The Campbell baseball players are around the same height (Ka'alekahi is 6-2 and Kahana is 6-1), weigh about the same (180 and 175, respectively) and both are front-of-the-rotation right-handers for the Sabers' pitching staff.
"They're two of the guys that we have high hopes for this season," Campbell head coach Rory Pico said.
Ka'alekahi and Kahana even had near-identical stat lines in a pair of wins over Mililani last week in O'ahu Interscholastic Association action.
Ka'alekahi, who goes by Kale, pitched a complete-game three-hitter Wednesday and batted 2 for 4 with a double in the 6-2 win over the Trojans. Kahana also was 2 for 4 at the plate with a homer and two RBIs.
In Saturday's 3-1 win, Kahana tossed a three-hit complete game and batted 2 for 4 while Ka'alekahi also went 2 for 4 and scored twice.
"It was a real confidence boost," Pico said of last week's victories, which put his team in a tie for first place in the Red West with Pearl City at 4-0. "Mililani is perennially there in the OIA and state tournaments every year, so that was big for our boys. We couldn't ask for a better position than we are in now."
Ka'alekahi, a senior and third-year varsity member, signed with the University of Hawai'i in the fall. He gave the Rainbows a verbal commitment near the end of his junior season.
"Kale's always been a hard worker and I think that's one of the reasons why (UH) went after him so early," said Pico, a former UH infielder.
Pico said Ka'alekahi throws a fastball, slider and change-up. Kahana, a junior and second-year varsity player, has a fastball and two variations on his curveball.
"They were both able to throw multiple pitches for strikes," Pico said. "I think that was the most important thing. Command of those other pitches — not just the fastball — was the issue in the preseason, but now that they've got some innings under their belts, it seems like their confidence has returned."
Pico said that when one of them is pitching, the other plays shortstop and if neither is on the mount, they make up the Sabers' middle infield. Kahana is the second batter in the lineup, while Ka'alekahi bats clean-up.
Kahana, who was primarily used as an infielder last year, has benefitted from shadowing Ka'alekahi so far this season, Pico said.
"He came on board as a sophomore last year and it took him a little while to get used to the system, but once he did, he fit in real nicely," Pico said. "He was our starting shortstop last year, but we lost a couple of arms from last season, so he stepped up. He's been doing a lot of the same things that Kale does — warm-ups and overall throwing program — and I think that's helped him. His arm has gotten a lot stronger and that's given him a lot of confidence."
While Pico certainly won't complain about the complete-game efforts he got from the pair last week, he realizes other players will have to prove their worth on the mound over the course of the season.
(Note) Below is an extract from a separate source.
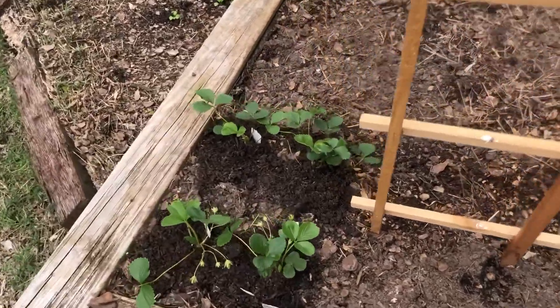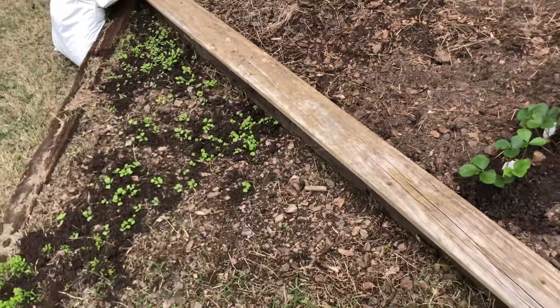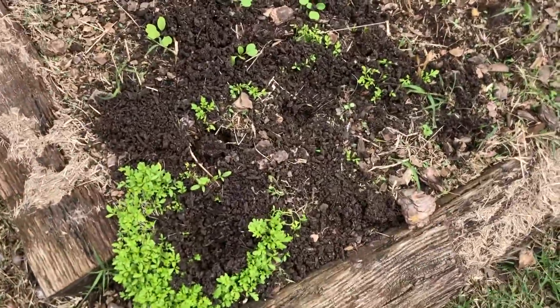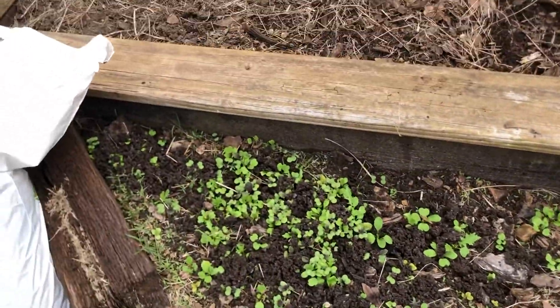We've already got some strawberry plants going — they're doing pretty well. And then this whole triangle is going to be for salad greens, so we have some watercress here, some arugula, and then a spicy salad mix over there in the corner.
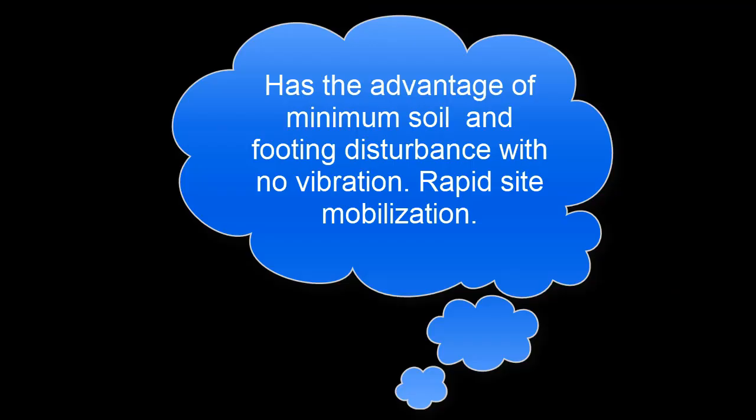Grout injection underpinning is 50% of the traditional cost of underpinning, but only works in sandy soils — not clay at all. It has the advantage of minimum soil and footing disturbance, there is no vibration, and you can get rapid site mobilisation with this product.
"It's good in a way, but at the same time, I kind of want to work our other pitchers as well and get them some innings," Pico said. "I think in our four games so far, just three guys have thrown and playoff games are on consecutive days, so we'll need more than two guys down the road."
Campbell plays Kapolei twice this week. The Sabers host the Hurricanes tomorrow and play at Kapolei on Saturday.